Both games are part of the same series — D3 is the sequel to D2, after all. There are certain elements that repeat between games. The Barbarian and Necromancer classes are in both games, the world is the same place, just at different points in time — Diablo 2 is two decades before Diablo 3. Locations like Tristram and Kehjistan and the Barbarian lands are seen more than once in the series, although often changed by the passage of time.

Indeed, one of the biggest differences between Diablo 2 and Diablo 3 is the fact that Diablo 3 is entirely contingent on the events of the prior game and its expansion pack, Lord of Destruction. As I mentioned earlier, D3 is over 20 years later. In the time that passed between the two games, the survivors of Tristram to have built a new town away from the ruins of the original township. That 20 years was also enough time for the government of Kehjistan to move to Kaldeum after the revelation of the corruption of the Zakarum faith and the loss of Kurast. Twenty years later, and the trip to the remains of Arreat — the Arreat Crater — is literally a journey into the aftermath of Baal and Tyrael’s actions at the end of Lord of Destruction.

So if your touchstone is Diablo 3, a major difference you’ll notice when you play Diablo 2: Resurrected is that the story of Diablo 2 — which informs a lot of your frame of reference when Diablo 3 opens — has not happened yet.

Gameplay variations between Diablo 2 and Diablo 3

Many elements of Diablo 3 were designed in reaction to Diablo 2‘s systems. For example, rather than use a bunch of scrolls that you’ll eventually need to store in a tome, the ability to simply Town Portal, or the ease of Identifying items in Diablo 3 instead of using scrolls for that, is a reaction to the way it worked in Diablo 2. The more streamlined talent system in D3 is aimed at speeding up character choices, reduces systems that don’t add choices, and makes respecialization much, much easier. The pace of resource generation systems like Crusader’s Wrath, Barbarian’s Fury, or the Demon Hunter’s dual resource system of Hatred and Discipline is much greater than that in Diablo 2, because that’s the deliberate choice of the design.

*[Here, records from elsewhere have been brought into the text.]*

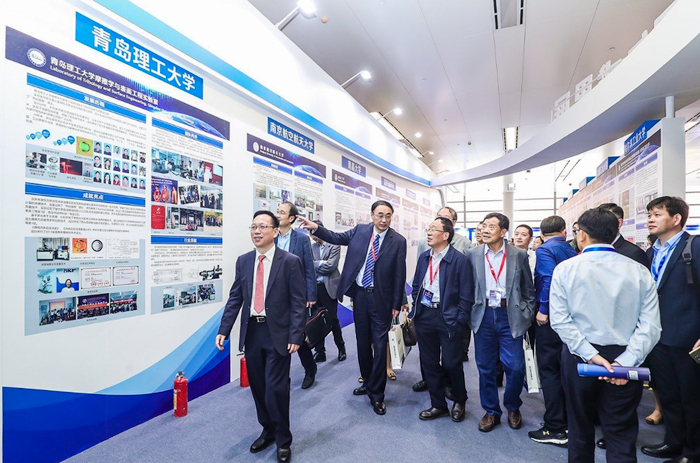 济南硬汉视频下载官网下载免费观看参加第十四届全国摩擦学大会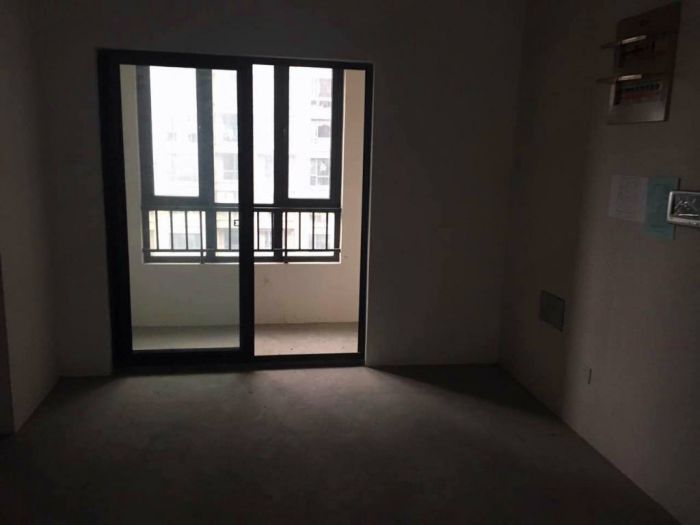 城市嘉苑 3室2厅2卫 136.00m&sup2;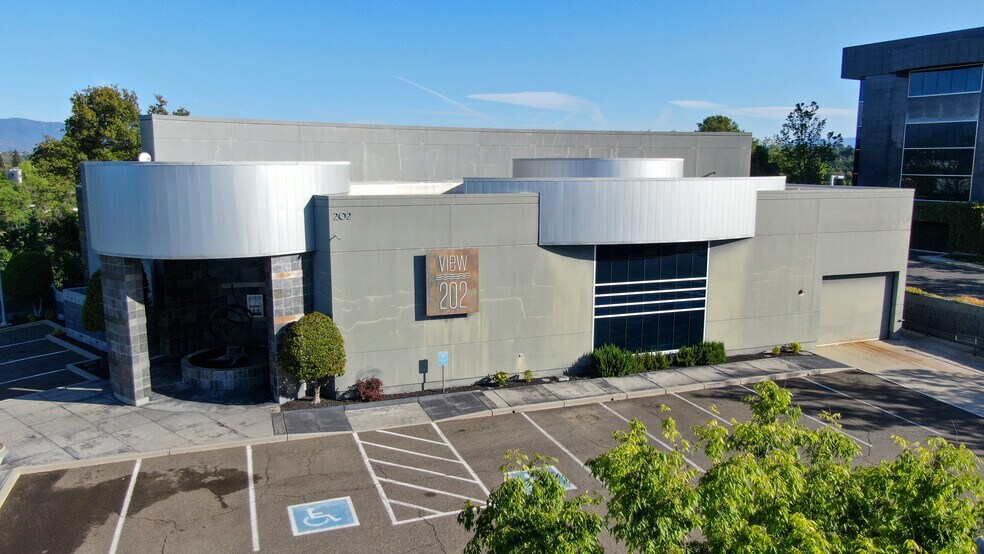 More Photos Of 202 Hemsted Dr, Redding Restaurant For Sale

Likewise, the difficulty levels of Diablo 3 are far more extensive, and the game’s Paragon system extends gameplay options well past Diablo 2, which has only three difficulty levels and 99 levels, not the Paragon system’s nearly limitless ability to gain power while playing. Gear systems in Diablo 3 are far more elaborate, with Legendary, Artifact and Primal Artifact levels of itemization that do not exist in the Diablo 2 design.  D2 has a very different talent system with many choices that add power in incremental ways. It has an even more limited inventory system, although D2R does have a shared stash, an innovation first seen in D3.

Aside from Barbarians and Necromancers, the classes in Diablo 2 are also different from Diablo 3. The Paladin is similar to but not the same as the Crusader. The Assassin and Monk share themes but are also quite distinct. The Wizard from D3 has elements from the Sorceress but also significant differences. The Witch Doctor and Demon Hunter are disparate from anything in Diablo 2 and there’s no Druid to be found in the D3 gameplay. And even the Barbarian and Necromancer play very differently in D2 than D3.

In the end, there are of course aspects of the series that are shared between the two games, as they are both Diablo  games. But Diablo 2 invents many of the tropes and systems that Diablo 3 reacts to, so it is unavoidable that there would be differences — and hopefully, improvements.